> Task to complete: Starting at the line that holds "Tarta de fresas" and stopping at the line that holds "Czarne rozkładane łóżko", restate the records below word for word, with both of those lines included.

> Dataset records:
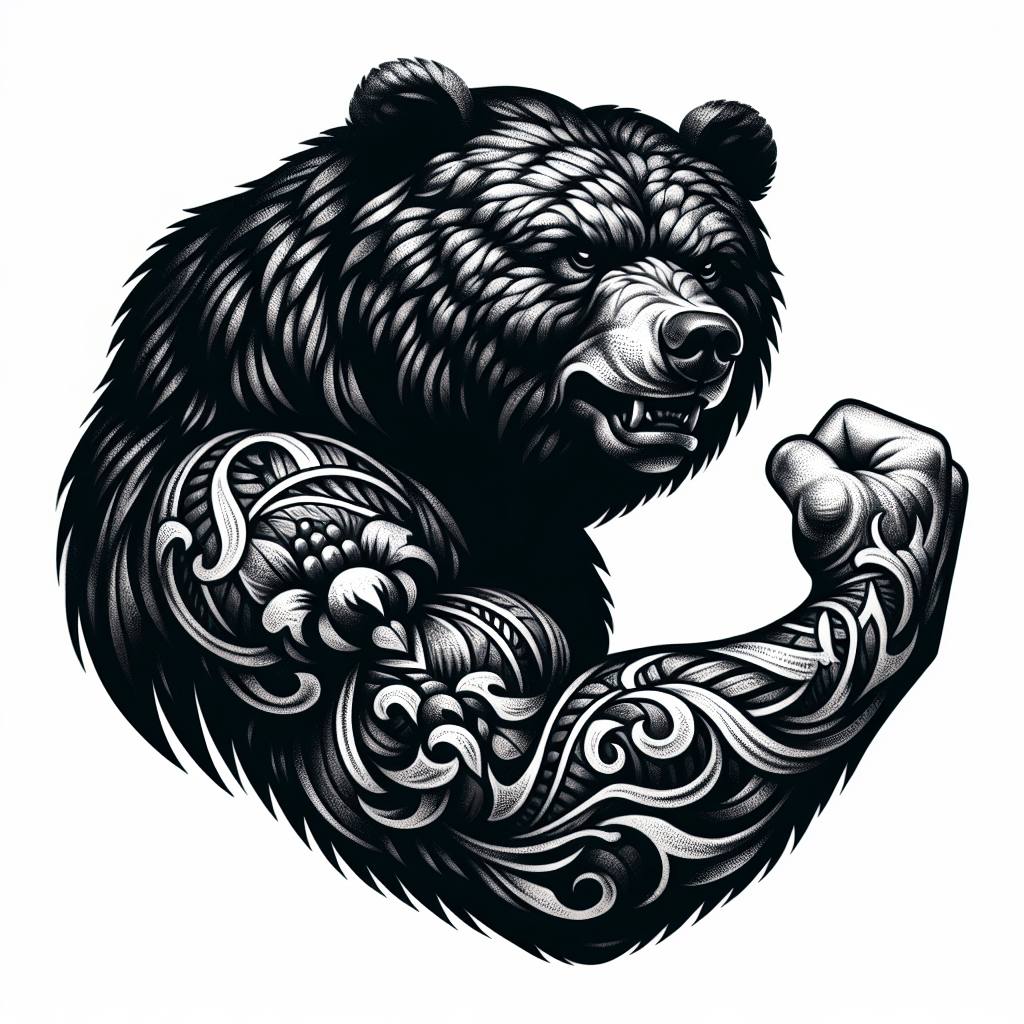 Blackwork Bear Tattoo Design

...

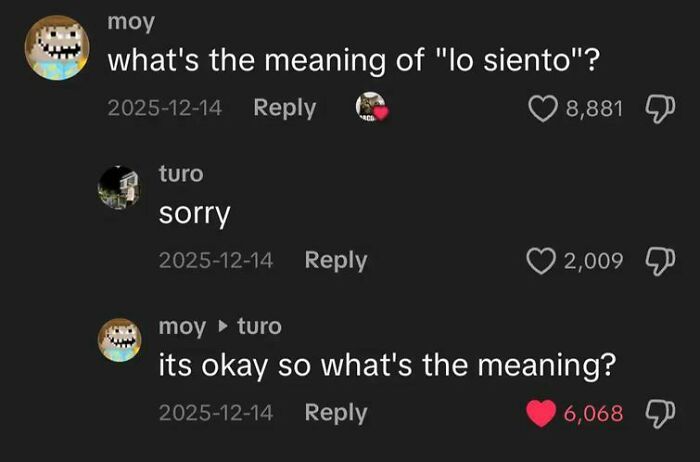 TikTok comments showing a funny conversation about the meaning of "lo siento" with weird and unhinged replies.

* * *

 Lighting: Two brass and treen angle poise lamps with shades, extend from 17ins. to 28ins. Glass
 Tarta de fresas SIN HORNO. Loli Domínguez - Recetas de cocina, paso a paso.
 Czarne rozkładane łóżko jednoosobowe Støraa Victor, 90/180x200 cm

> Solved problem:
 Tarta de fresas SIN HORNO. Loli Domínguez - Recetas de cocina, paso a paso.
 Czarne rozkładane łóżko jednoosobowe Støraa Victor, 90/180x200 cm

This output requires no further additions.